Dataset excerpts
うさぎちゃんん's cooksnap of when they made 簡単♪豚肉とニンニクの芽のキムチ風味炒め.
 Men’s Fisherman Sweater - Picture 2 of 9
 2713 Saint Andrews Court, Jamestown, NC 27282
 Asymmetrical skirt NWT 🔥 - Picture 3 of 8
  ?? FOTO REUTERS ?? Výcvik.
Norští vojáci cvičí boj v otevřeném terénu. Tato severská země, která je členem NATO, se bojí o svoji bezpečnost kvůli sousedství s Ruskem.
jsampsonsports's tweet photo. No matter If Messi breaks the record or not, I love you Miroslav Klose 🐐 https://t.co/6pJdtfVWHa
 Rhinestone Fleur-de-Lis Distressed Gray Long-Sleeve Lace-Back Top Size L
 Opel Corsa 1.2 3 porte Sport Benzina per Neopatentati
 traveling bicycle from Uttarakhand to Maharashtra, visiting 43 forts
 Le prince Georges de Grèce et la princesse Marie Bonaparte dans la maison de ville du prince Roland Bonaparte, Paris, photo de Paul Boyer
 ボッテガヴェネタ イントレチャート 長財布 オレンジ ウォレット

• [BRIEF]: Where does the word "Picture" appear in the records above? Return every line that holds it.

• [ANSWER FOR THE TASK]:
 Men’s Fisherman Sweater - Picture 2 of 9
 Asymmetrical skirt NWT 🔥 - Picture 3 of 8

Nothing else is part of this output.